Aiming to revolutionise the lives of millions of people who suffer from epilepsy and seizures, Australian medical device innovator Epiminder has raised $16 million to expand its ongoing clinical trial to sites in VIC, QLD and NSW.
Founded in 2018 by University of Melbourne researchers Professor Mark Cook, whose father had epilepsy, and Associate Professor Chris Williams, Epiminder’s implantable device monitors the brain’s electrical activity to detect epileptic seizures, paving the way for their eventual prediction.
Current shareholders Cochlear (ASX: COH), the Bionics Institute, the University of Melbourne and Seer Medical participated in the oversubscribed bridge financing round alongside private investors.
Seer itself raised $34 million in August 2021 towards its home monitoring technology for disorders including epilepsy, with Cochlear participating in that investment round as well.
“The thing that excites me is, I think this technology could be really transformational with regards to the impact on epilepsy patients,” Rohan Hoare, who was appointed CEO in 2020, tells Business News Australia.
“A startup company like ours is obviously burning cash as we don't have revenues, we have expenses,” he added.
“The additional capital gives us the runway to continue to do what we're doing relative to building the clinical evidence for the technology, and I think it's a huge endorsement by the existing shareholders and new shareholders of the value and potential of the ultra-long term recorder for epilepsy.”
Professor Cook’s research team has been studying seizures since 2005. After early trials, the team determined the best and least invasive method for long-term implanting electroencephalography (EEG) electrodes was under the scalp.
After first proving it was possible to record continuous EEG and transmit and analyse the data, the research team adopted machine-learning algorithms developed for an epilepsy diagnosis due to the large amounts of data produced.
“We are extremely pleased by the results obtained to date demonstrating significant long-term cycles of brain activity,” said co-founder Professor Cook, after encouraging early UMPIRE ('sUb-scalp Monitoring ePileptic seIzuREs') trial results which revealed cycles in epileptic brain activity.
“These cycles are allowing Epiminder and its partner Seer Medical to forecast seizure risk. Initial seizure forecasting results have recently been published in Frontiers of Neuroscience.”
Epiminder raised $10 million in initial investment prior to the commencement of its Phase I trial, which took place in St Vincent’s Hospital Melbourne in 2019.
In late 2020, Epiminder raised a further $18 million in Series A funding in its quest to commercialise its lead product Minder, an ultra-long-term ambulatory EEG monitoring device, from long-term investors including Cochlear, the Bionics Institute, Melbourne's St Vincent's Hospital and the University of Melbourne.

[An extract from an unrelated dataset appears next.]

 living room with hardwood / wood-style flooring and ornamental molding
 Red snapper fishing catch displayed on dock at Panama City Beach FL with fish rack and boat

The Series A funding supported the ongoing clinical trials for Minder. The company hopes the smartphone-enabled device will improve on 'wearables' and other tools such as patient diaries, which have limited applicability or proven unreliable.

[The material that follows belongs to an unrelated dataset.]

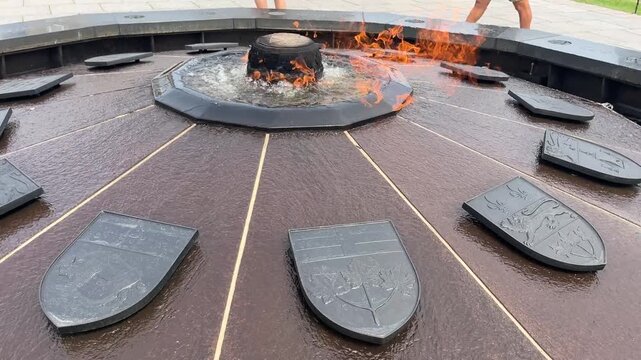 Panning shot around Centennial Flame monument fountain with fire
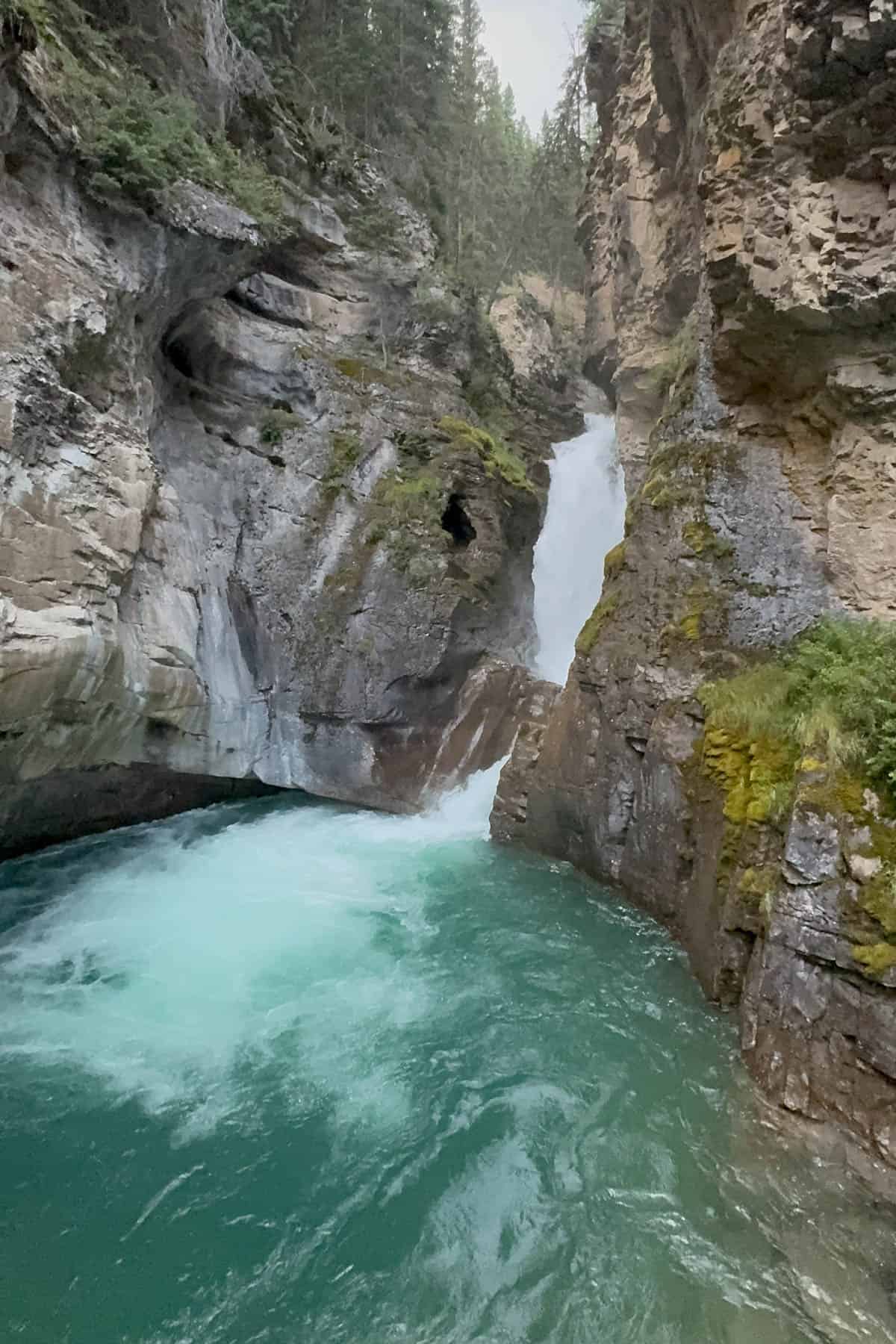 A waterfall with a pool below it.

“We've got a bit more clinical work to do, but every week we have a new insight into how the minor device can help those who suffer from epilepsy,” said Hoare, who added the capital raise will help drive the development of the company to the point of US Food and Drug Administration (FDA) submission.

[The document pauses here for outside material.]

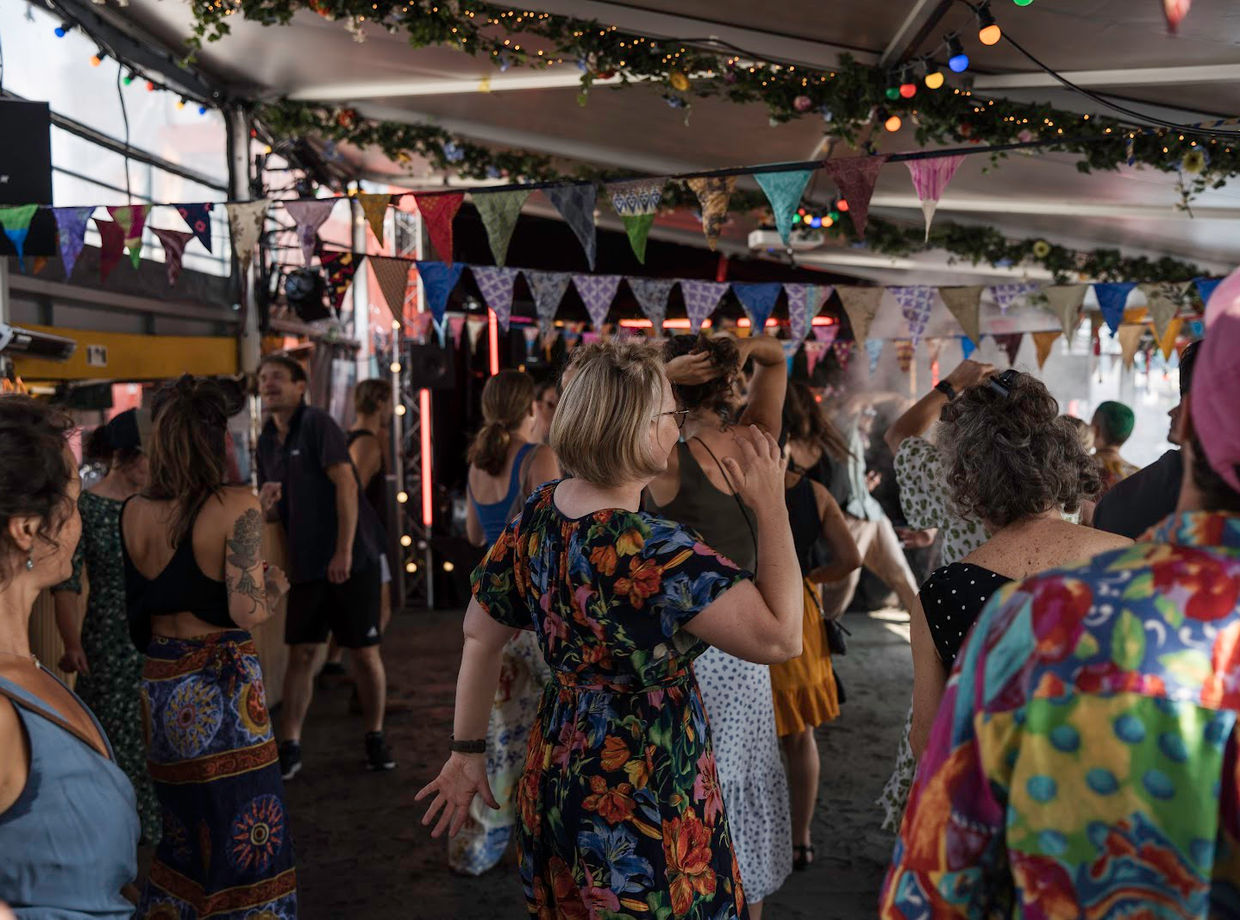 A crowd dancing on the boat deck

“With the bridge round financing completed and the expansion of the UMPIRE clinical trial underway, Epiminder is well-positioned to advance the Minder ultra-long term epilepsy monitoring device,” he added.
“With our strategic partners from around Australia, Epiminder aims to revolutionise epilepsy care for millions of people around the world.”
The latest investment will be used to expand the ongoing UMPIRE clinical trial for Minder and to grow product development, manufacturing and corporate activities.
More than 250,000 Australians live with epilepsy, the most common brain disorder worldwide that can affect people at any age. Refractory epilepsy affects 30 per cent to 40 per cent of these patients, who cannot be adequately managed by drug therapy to remain seizure-free.
Minder’s long-term monitoring of patients outside of a controlled clinical environment is expected to lead to more effective treatment of underlying conditions, including determining the effectiveness of drug therapies. Subject to clinical results, later generations of the device could include advanced detection and warning of impending seizure events.